Data to use:
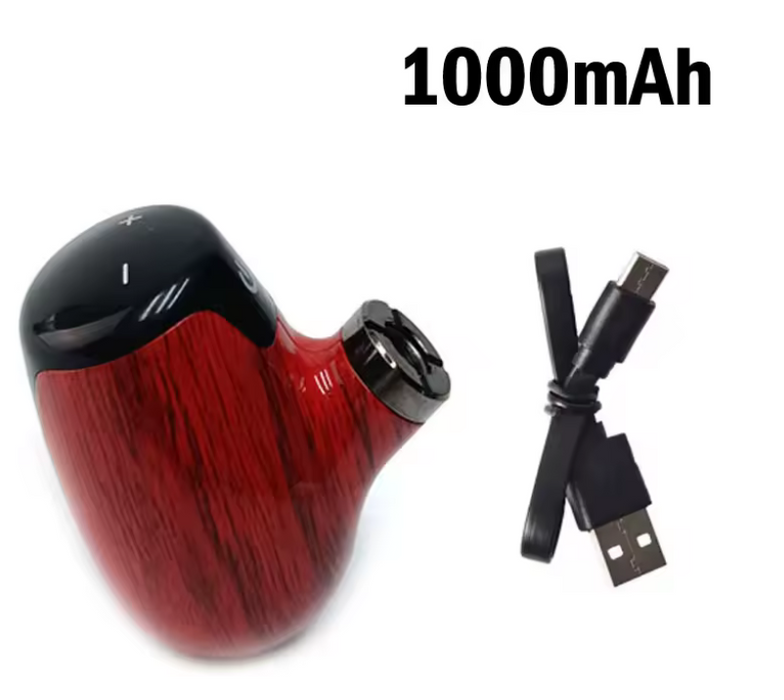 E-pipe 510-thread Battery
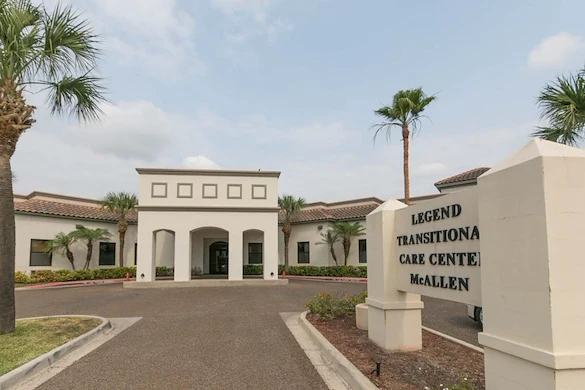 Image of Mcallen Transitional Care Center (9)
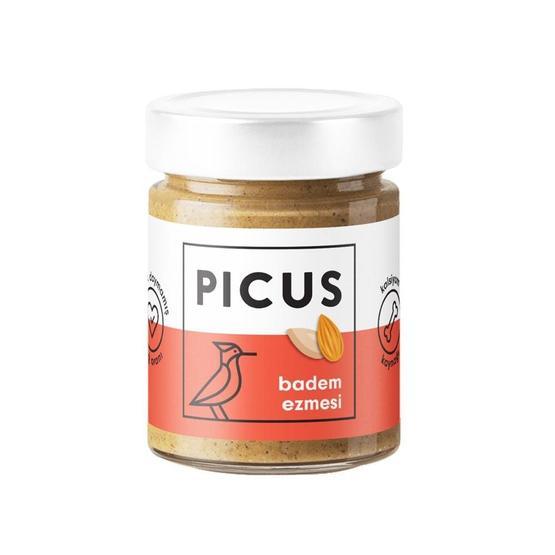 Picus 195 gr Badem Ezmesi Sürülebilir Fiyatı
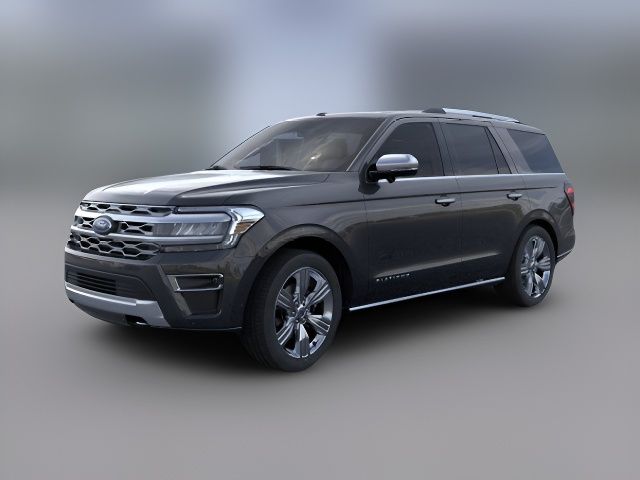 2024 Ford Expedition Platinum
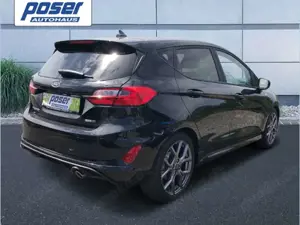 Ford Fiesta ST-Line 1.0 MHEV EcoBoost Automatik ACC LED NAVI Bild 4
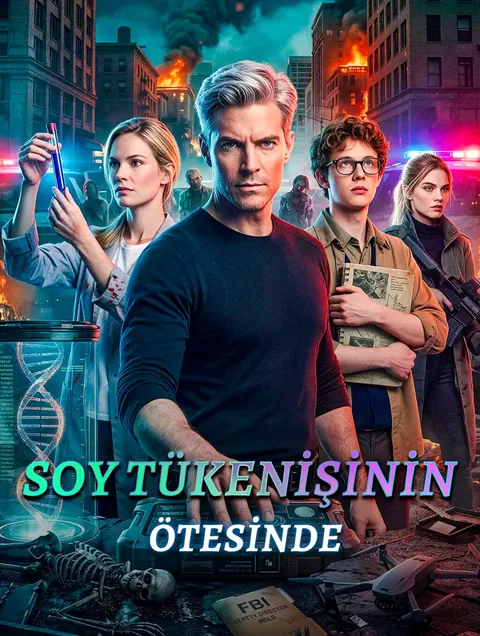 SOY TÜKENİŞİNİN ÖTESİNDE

Problem statement:
We ask that the entries above be copied exactly, with the pictures omitted.

Completed exercise:
 E-pipe 510-thread Battery
 Image of Mcallen Transitional Care Center (9)
 Picus 195 gr Badem Ezmesi Sürülebilir Fiyatı
 2024 Ford Expedition Platinum
 Ford Fiesta ST-Line 1.0 MHEV EcoBoost Automatik ACC LED NAVI Bild 4
 SOY TÜKENİŞİNİN ÖTESİNDE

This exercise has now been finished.